* _TO DO_:
Reproduce, exactly and in full, the lines from the one with "Cats live at McDonalds" through the one with "Replay Paw Patrol, la" in the data below; drop pictures.

*** INPUT FOR THIS TASK Section Begins ***

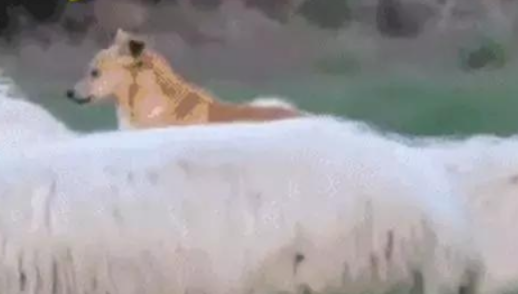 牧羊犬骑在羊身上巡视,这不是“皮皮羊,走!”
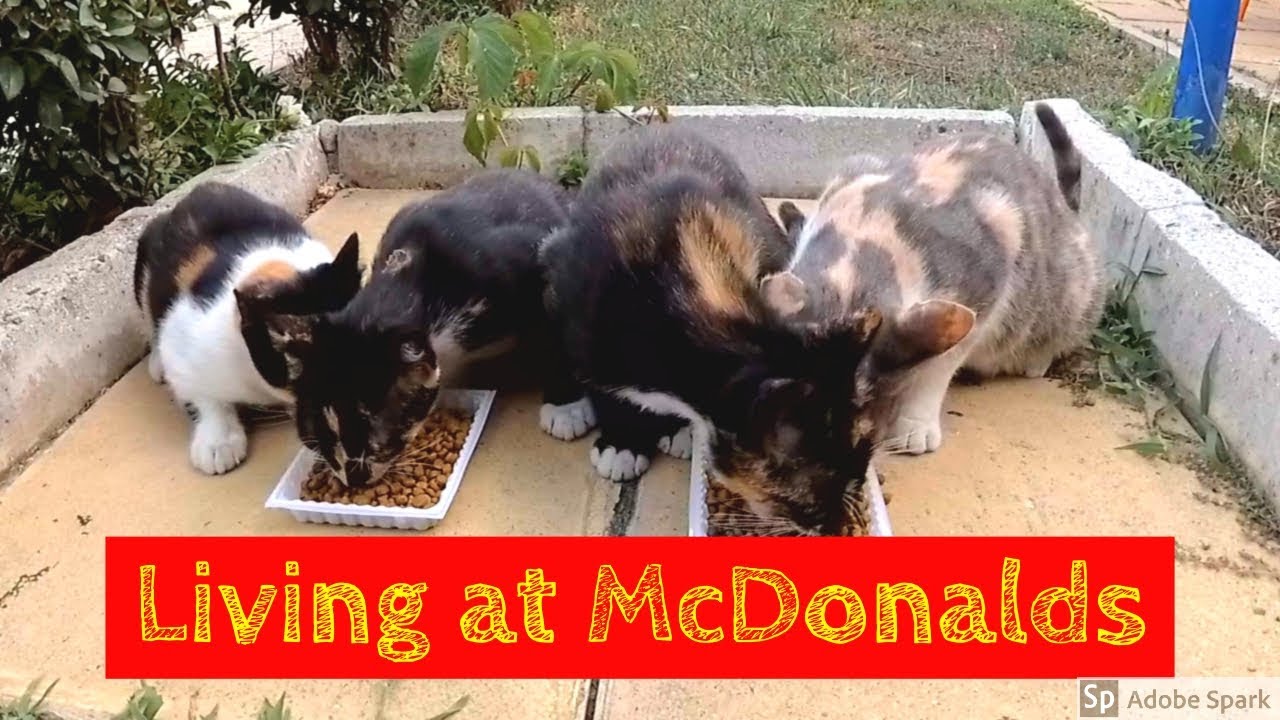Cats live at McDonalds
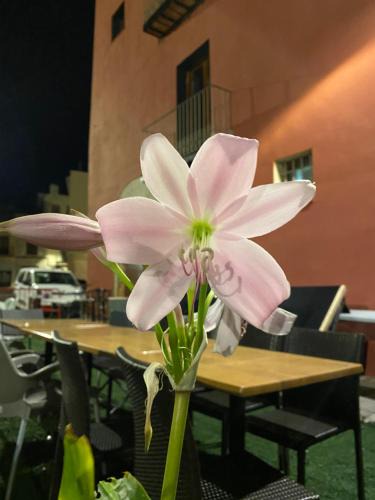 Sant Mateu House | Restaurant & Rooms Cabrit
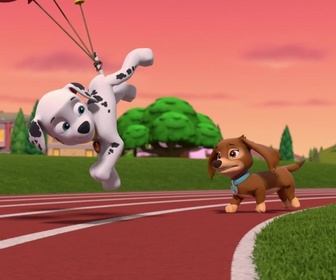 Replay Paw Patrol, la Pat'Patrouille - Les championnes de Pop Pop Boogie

*** INPUT FOR THIS TASK Section Ends ***
*** INPUT FOR THIS TASK Section Begins ***

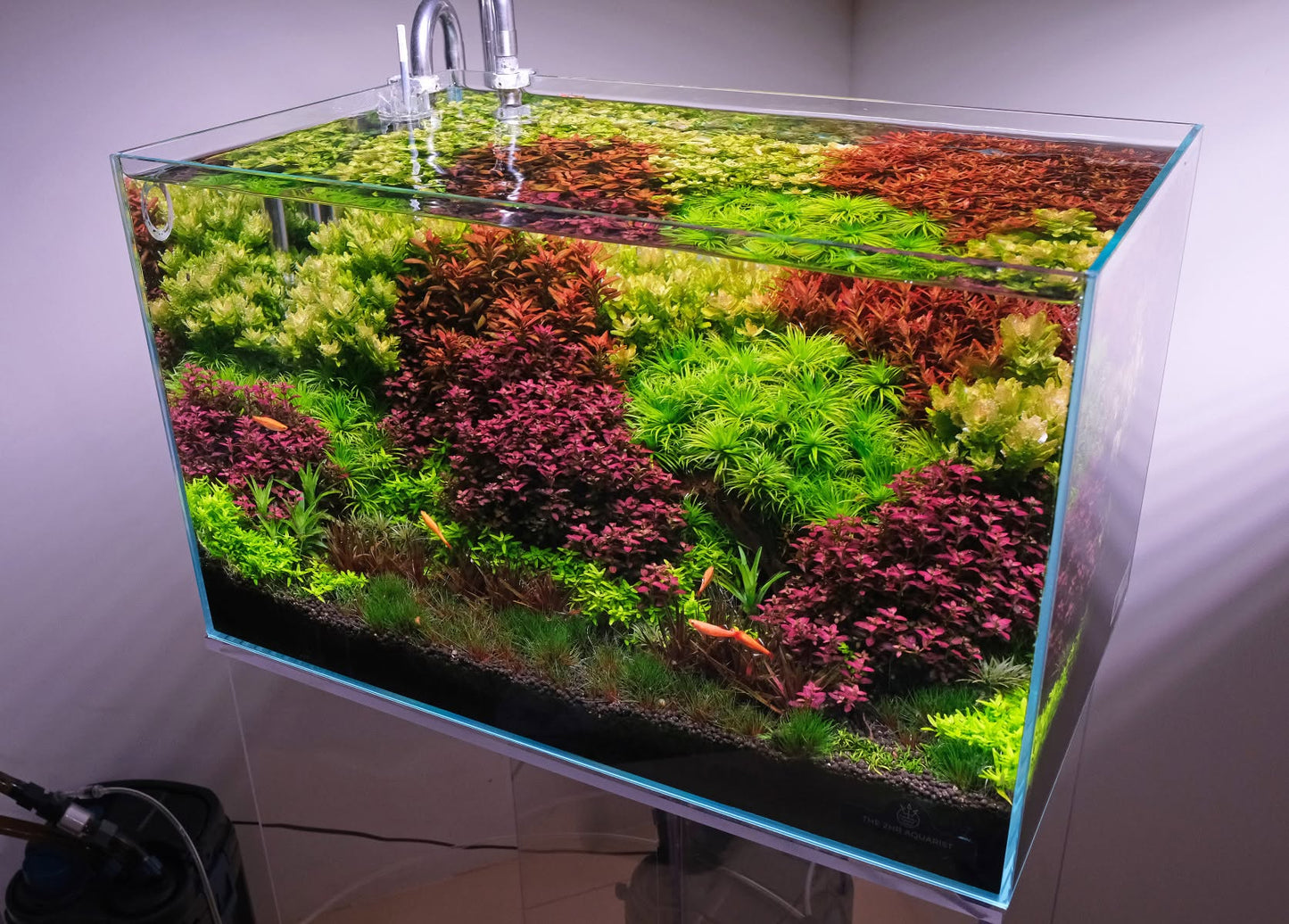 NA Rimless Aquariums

*** INPUT FOR THIS TASK Section Ends ***
*** INPUT FOR THIS TASK Section Begins ***

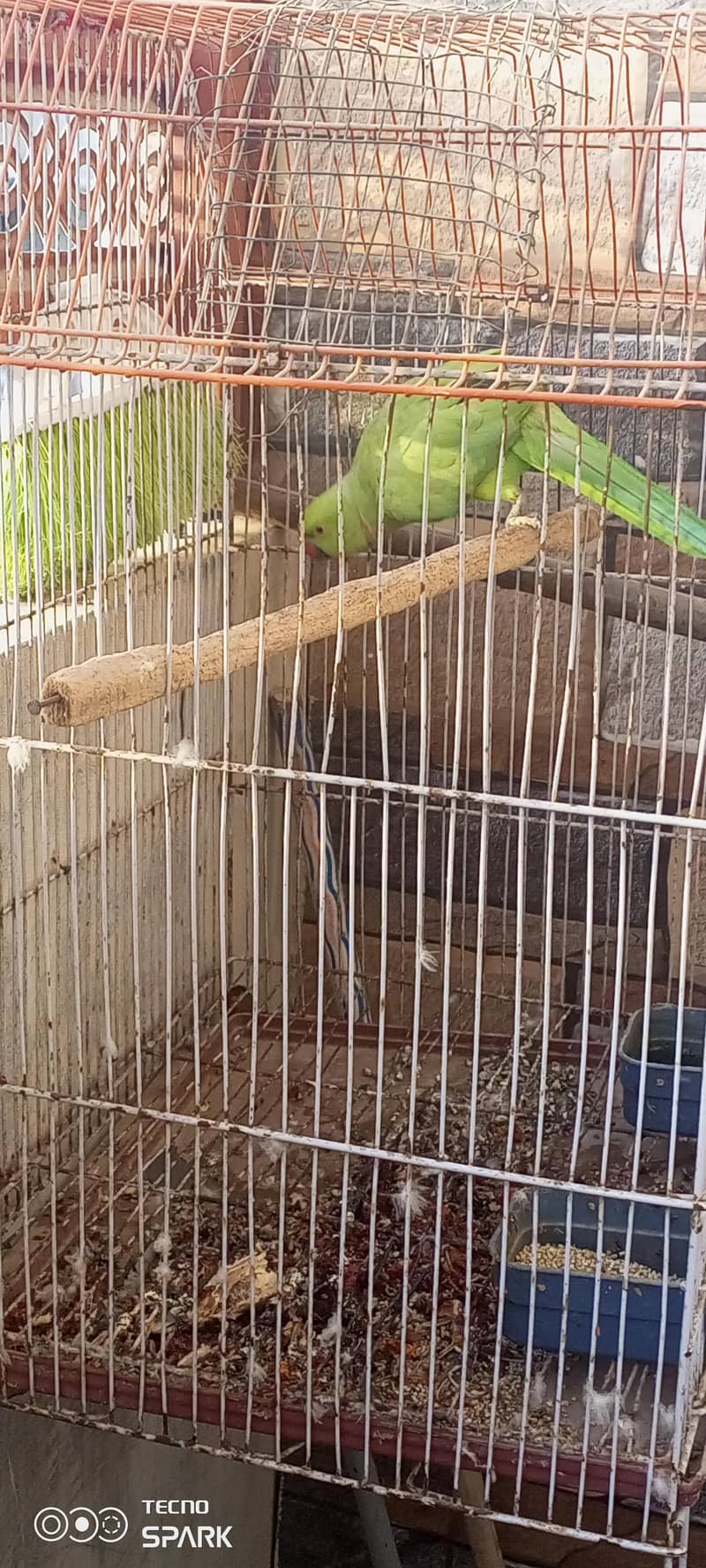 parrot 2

*** INPUT FOR THIS TASK Section Ends ***

* _YOUR RESPONSE_:
Cats live at McDonalds
 Sant Mateu House | Restaurant & Rooms Cabrit
 Replay Paw Patrol, la Pat'Patrouille - Les championnes de Pop Pop Boogie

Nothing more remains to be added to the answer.